Today, five years later, Obama is a U.S. senator from Illinois who expresses a firmly pro-Israel view of Middle East politics, pleasing many of the Jewish leaders and advocates for Israel whom he is courting in his presidential campaign. The dinner conversations he had envisioned with his Palestinian American friend have ended. He and Khalidi have seen each other only fleetingly in recent years.
And yet the warm embrace Obama gave to Khalidi, and words like those at the professor’s going-away party, have left some Palestinian American leaders believing that Obama is more receptive to their viewpoint than he is willing to say.
Their belief is not drawn from Obama’s speeches or campaign literature, but from comments that some say Obama made in private and from his association with the Palestinian American community in his hometown of Chicago, including his presence at events where anger at Israeli and U.S. Middle East policy was freely expressed.
At Khalidi’s 2003 farewell party, for example, a young Palestinian American recited a poem accusing the Israeli government of terrorism in its treatment of Palestinians and sharply criticizing U.S. support of Israel. If Palestinians cannot secure their own land, she said, “then you will never see a day of peace.”
One speaker likened “Zionist settlers on the West Bank” to Osama bin Laden, saying both had been “blinded by ideology.”
Obama adopted a different tone in his comments and called for finding common ground. But his presence at such events, as he worked to build a political base in Chicago, has led some Palestinian leaders to believe that he might deal differently with the Middle East than either of his opponents for the White House.
“I am confident that Barack Obama is more sympathetic to the position of ending the occupation than either of the other candidates,” said Hussein Ibish, a senior fellow for the American Task Force on Palestine, referring to the Israeli presence in the West Bank and Gaza Strip that began after the 1967 war. More than his rivals for the White House, Ibish said, Obama sees a “moral imperative” in resolving the conflict and is most likely to apply pressure to both sides to make concessions.
“That’s my personal opinion,” Ibish said, “and I think it for a very large number of circumstantial reasons, and what he’s said.”
Aides say that Obama’s friendships with Palestinian Americans reflect only his ability to interact with a wide diversity of people, and that his views on the Israeli-Palestinian conflict have been consistent. Obama has called himself a “stalwart” supporter of the Jewish state and its security needs. He believes in an eventual two-state solution in which Jewish and Palestinian nations exist in peace, which is consistent with current U.S. policy.

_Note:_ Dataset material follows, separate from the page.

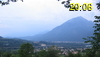 ore: 20:06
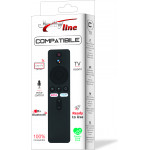 Gbs Elettronica Jolly Line 1511 - ������� ����������� ��� Smart Tv Xiaomi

Obama also calls for the U.S. to talk to such declared enemies as Iran, Syria and Cuba. But he argues that the Palestinian militant organization Hamas, which governs the Gaza Strip, is an exception, calling it a terrorist group that should renounce violence and recognize Israel’s right to exist before dialogue begins. That viewpoint, which also matches current U.S. policy, clashes with that of many Palestinian advocates who urge the United States and Israel to treat Hamas as a partner in negotiations.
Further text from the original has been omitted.